Course:COGS200/2017W1/NGramAssignment/Lachance

From UBC Wiki

For EACH of the sections below, (a) create a graph making a comparison, (b) include the “code” used to create the graph, (b) describe what is shown by the graph, and, (c) double click on the words to see whether there is anything unexpected driving the effect, (d) if possible explain what factors are driving the differences between ngrams and their changes over time. Cultural changes, scientific discoveries, and historical events are all likely to drive interesting changes.

Use the language of dynamic systems in your descriptions, including state, attractor, collective variables.

Compare words

I compared cyclist,biker,bicyclist, and I did a case insensitive search as I didn't consider capitalisation germane.

Biker is low intensity is almost nonexistent until it takes off in the mid-1960s, presumably primarily referring to motorcycles, though there is an ascendancy period in the late 1920s, which may have coincided with increased material wealth and consumption of motorocycles (this begins to taper back down when the Depression starts). Cyclist is overall the most popular starting in the 1880s, probably with the Golden Age of Bicycling. It peaks in 1917, and has a downward trajectory especially during the 1950s when car consumption rose and public transit availability was reduced. 'Bicyclist' while much less common follows a somewhat similar trajectory (rising starting in the Golden Age, though it does not show increase during WWI). Both 'bicyclist' and 'cyclist' increased starting in the 1970s potentially with the beginnings of the modern bicycle advocacy movement. Biker currently is slightly more used than cyclist currently, perhaps reflecting that biker is also used to refer to cyclist, while cylist is never used to refer to motorcycle rider.


Wildcard search

I used 'why is the *' for my wildcard search. The most popular completion currently in my result is 'why is the world'. The highest rate usage of any phrase occurs by far in 1800, and is 'why is the punishment' -- perhaps there was a lot of literature on penal reform, or perhaps the lion's share of written material with 'why is the' was from written legal judgements, hence the emphasis on punishment. Or perhaps this popularity reflects a trend in moralising literature, or prison reform literature.

Inflection search

Pick a phrase and use the _INF on a noun and on a verb. Look to see which inflection is most frequent. Describe the effect. It may be the case that you can identify a reason for the effect, but just describing the effect in words is sufficient.

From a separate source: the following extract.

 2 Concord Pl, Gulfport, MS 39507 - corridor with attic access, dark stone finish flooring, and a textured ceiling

I used computer run_INF and got 'computer runs', 'computer ran' and 'computer running'. No usage of any inflection shows up until 1927, which is when this usage would first have been coined -- previously computers did other things besides running! 'Runs' and 'run' peak early in the 1970s and are the most popular, but then decline as 'running' gains steady ground starting in 1980s. Perhaps this switch had something to do with the rising popularity of personal computing.

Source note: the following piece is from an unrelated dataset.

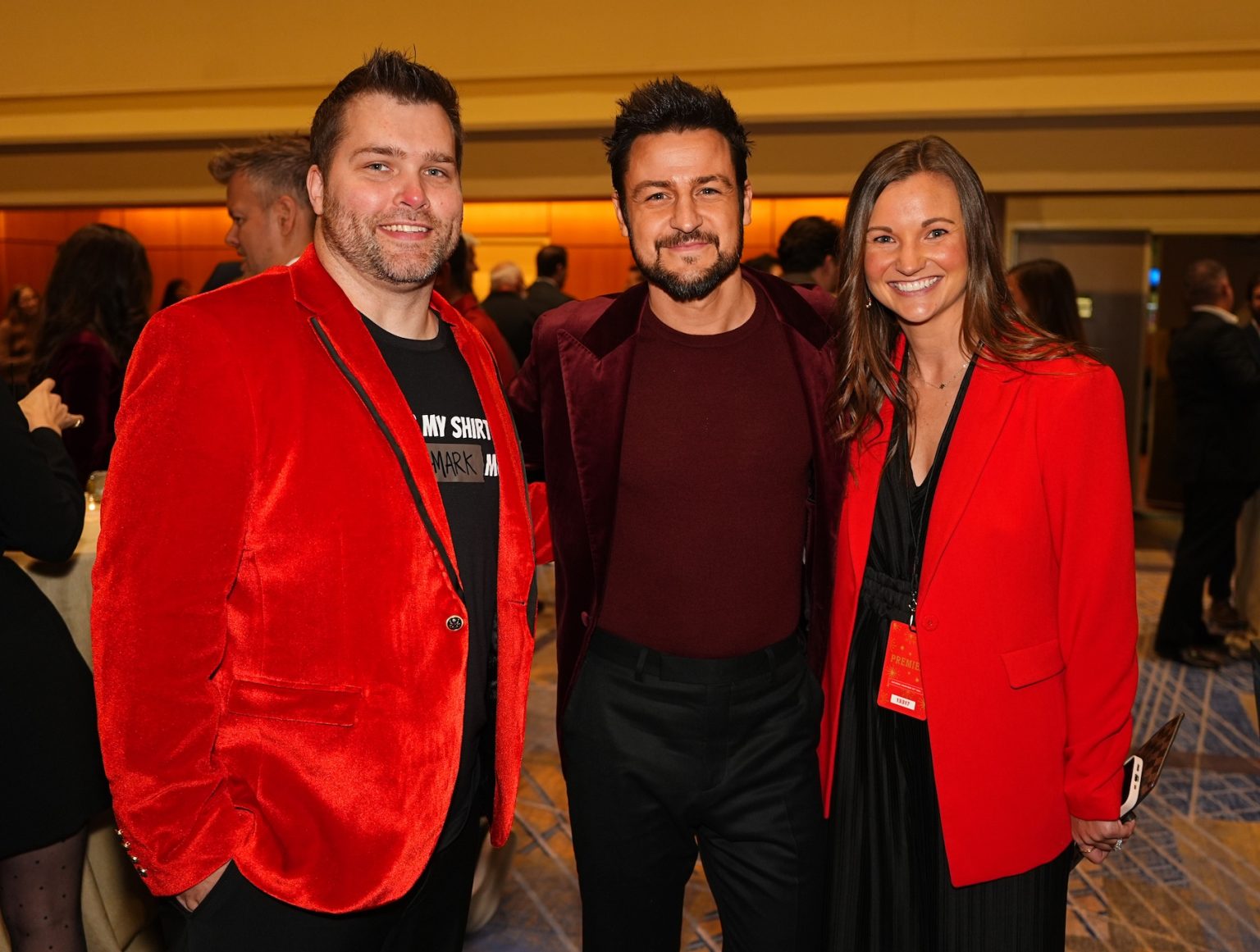 KANSAS CITY, MISSOURI - NOVEMBER 30: (L-R) Mitch Perry, Tyler Hynes and Mallory Perry attend Hallmark's Premiere Screening of Holiday Touchdown: A Chiefs Love Story on November 30, 2024 in Kansas City, Missouri. (Photo by Kyle Rivas/Getty Images for Hallmark Media)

'Computer ran' has the lowest all around usage and perhaps unsurprisingly is almost imperceptible in relation to the others until the 1980s, when presumably computer obsolescence and breakdown became a more widely discussed issue, and there were computers that were at one time running, but no longer.

Search for a word using Part-of-Speech tags

Parts-of-speech tags can be used both to disambiguate homographic words that differ in part of speech, for example catch_NOUN, catch_VERB. It is also possible to see all parts of speech associated with a form: catch_*

I used object_NOUN and object_VERB

Object in noun form was continuously more common, whereas the verb form reached its lowly peak at 0.00099% in 1841. Interestingly, both forms peaked at around the same time. The noun form had its peak instances in 1835 and then declined until the mid-1980s when it began to make a comeback. I'm not sure why this pattern emerged; perhaps Enlightenment modes of inquiry had something to do with changing frequency and usage.

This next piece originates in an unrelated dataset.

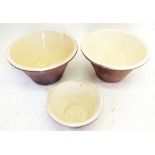 Two large cream glazed pottery dough bowls and a smaller one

Search for Parts of Speech (not a specific word)

Use *_NOUN, *_VERB, etc.

I used *_ADJ to take a look at adjectives historically.

Other is the clear and consistent frontrunning adjective for the entire time period, with a slight decline from 0.166% in 1800 to 0.135% in 2000. Interestingly, while great comes in second at the turn of the 19th century at 0.132%, peaks slightly above that in 1810, but shows a steady decline; fast-forward 200 years and we find it in last place at 0.028%. This may be due to its shift in usage as in the late 1840s the first recorded usage of great to mean excellent appears according to the Online Etymology Dictionary. Other usages had already become archaic by this point (Old and Middle English had verb forms like greaten meaning "to become bigger" which again underscores changing usage. Great with its meaning of "excellence" may have declined in popularity since slang fashion trends can lead to obsolescence.